Why No One's Happy With The FCC's Network Neutrality


Author: Joel Rose
Location:
Federal Communications Commission, 445 12th Street SW, Washington, DC, 20554, United States

On Dec 1, Federal Communications Commission Chairman Julius Genachowski sketched out the rules that he said would ensure that broadband providers treat all of the data on their networks equally — an idea known as network neutrality.

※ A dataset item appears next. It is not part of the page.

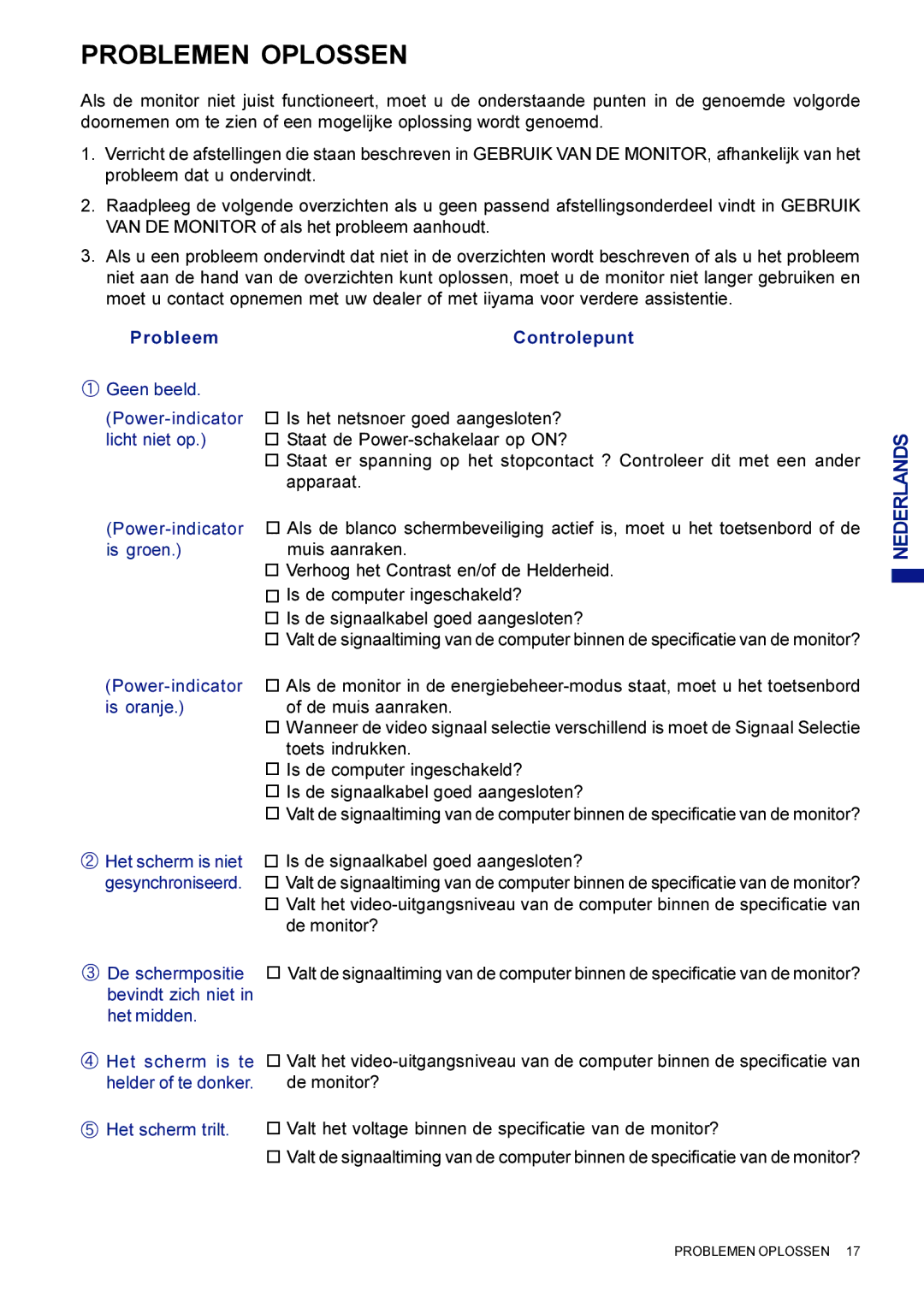 Iiyama AX3835UTBK user manual Problemen Oplossen, Probleem Controlepunt Geen beeld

But some public interest groups have seen a few more details than Chairman Genachowski announced. They say the proposed rules are net neutrality in name only. "What you have is a lot of consumer groups coming out and looking at this and saying this is a real nightmare," Sascha Meinrath says. Meinrath is with the New America Foundation, a think-tank in Washington, D.C. He says the proposed rules are full of loopholes. For one thing, they would allow broadband providers to offer faster service to some companies — for a price. "These rules could end up allowing companies to pick and choose the services and applications and even content that we are allowed to see online," Meinrath says. "What it does is it gives legal protection for discriminatory behavior." Maybe the biggest loophole, Meinrath says, is that the rules would exempt wireless networks from much of the regulation governing the old-fashioned, wired Internet. The wireless companies argue that they need the flexibility to manage traffic on their networks so that a few users can't hog all the bandwidth. Those companies — particularly AT&T — offered lukewarm support for the proposed FCC rules. But Verizon's Link Hoewing still thinks it's Congress, not the FCC, that should be setting policy for the Internet.